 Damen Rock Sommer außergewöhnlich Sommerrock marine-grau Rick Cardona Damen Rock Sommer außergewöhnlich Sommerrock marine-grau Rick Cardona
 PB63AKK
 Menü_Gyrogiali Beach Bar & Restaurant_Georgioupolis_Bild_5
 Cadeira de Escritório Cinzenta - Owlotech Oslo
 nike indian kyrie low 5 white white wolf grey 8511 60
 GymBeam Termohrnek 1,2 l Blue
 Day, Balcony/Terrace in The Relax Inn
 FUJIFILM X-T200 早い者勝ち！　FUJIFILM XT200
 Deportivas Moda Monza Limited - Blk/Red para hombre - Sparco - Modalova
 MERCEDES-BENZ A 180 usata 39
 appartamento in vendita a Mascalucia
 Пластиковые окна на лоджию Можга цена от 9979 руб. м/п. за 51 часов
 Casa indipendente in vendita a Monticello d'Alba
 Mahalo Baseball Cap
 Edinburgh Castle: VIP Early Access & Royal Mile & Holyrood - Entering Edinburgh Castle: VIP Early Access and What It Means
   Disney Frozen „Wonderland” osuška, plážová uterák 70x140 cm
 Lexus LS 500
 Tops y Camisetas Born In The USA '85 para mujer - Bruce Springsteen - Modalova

| Your objective |
Counting only lines with the word "vendita" in them, say how many there are in the entries above, with no other words.

| Solution |
2